+++ Extracted material

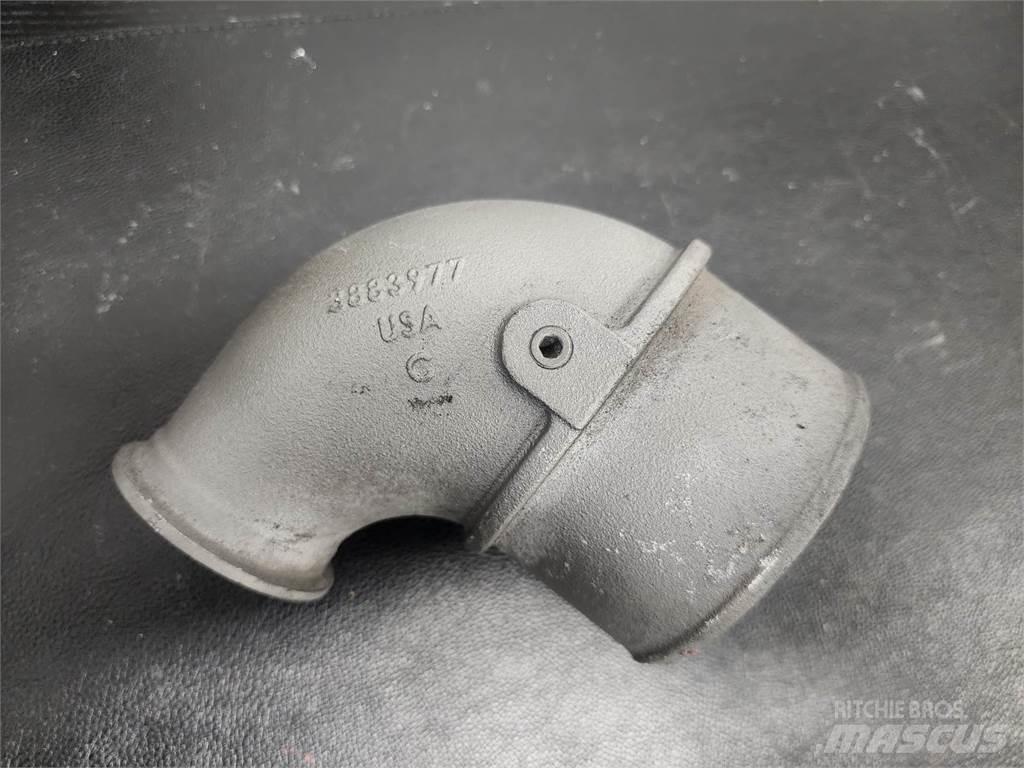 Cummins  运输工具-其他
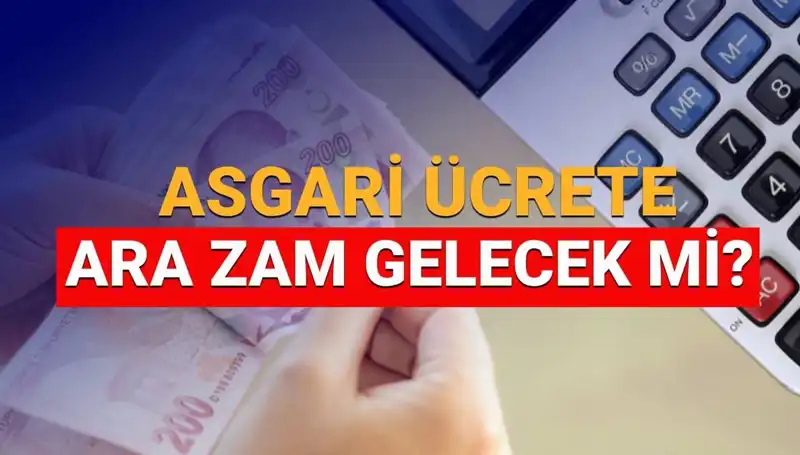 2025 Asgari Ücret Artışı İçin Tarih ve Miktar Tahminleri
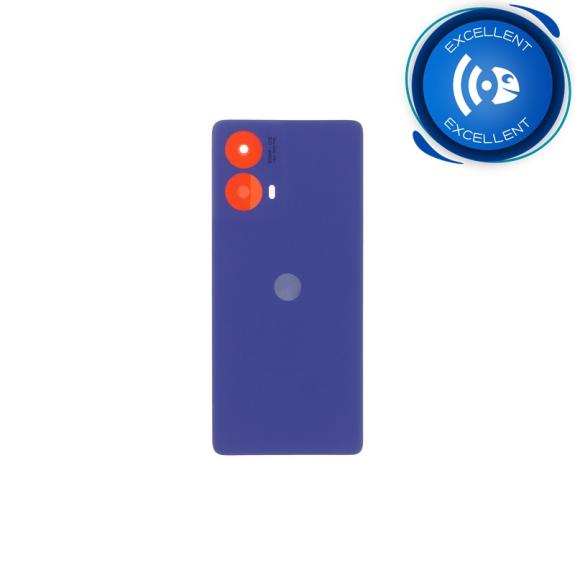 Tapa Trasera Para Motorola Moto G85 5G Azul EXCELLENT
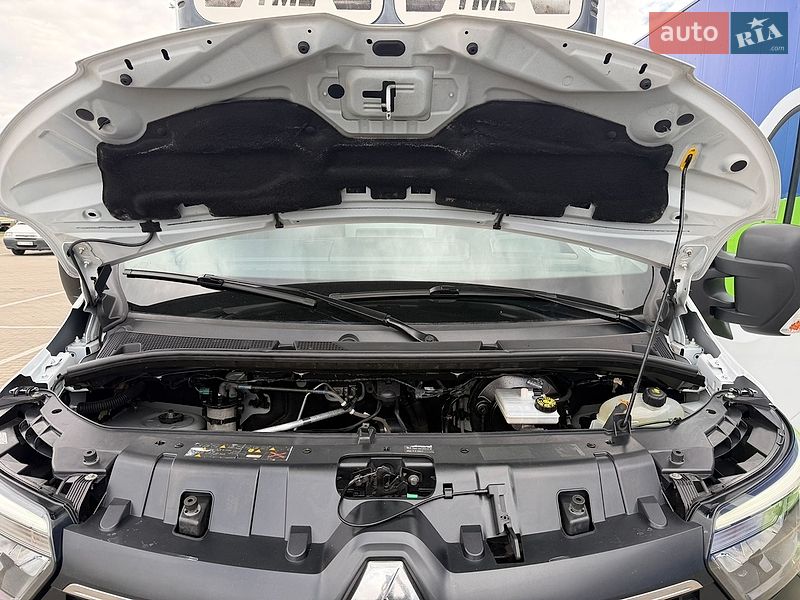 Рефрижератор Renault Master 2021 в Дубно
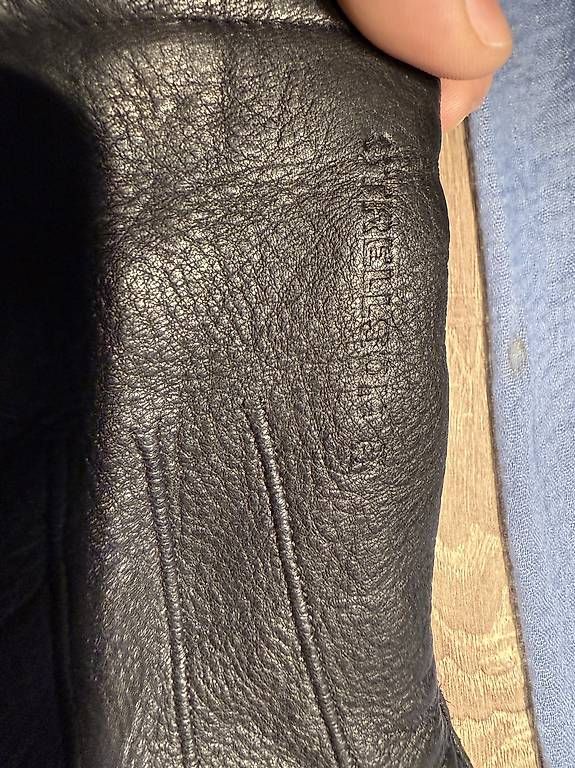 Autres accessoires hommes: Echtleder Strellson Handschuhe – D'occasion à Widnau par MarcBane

++++++

■ Exercise prompt ■
Keep the pictures out, and write out the rest of the data above word for word.

■ Finished exercise ■
 Cummins  运输工具-其他
 2025 Asgari Ücret Artışı İçin Tarih ve Miktar Tahminleri
 Tapa Trasera Para Motorola Moto G85 5G Azul EXCELLENT
 Рефрижератор Renault Master 2021 в Дубно
 Autres accessoires hommes: Echtleder Strellson Handschuhe – D'occasion à Widnau par MarcBane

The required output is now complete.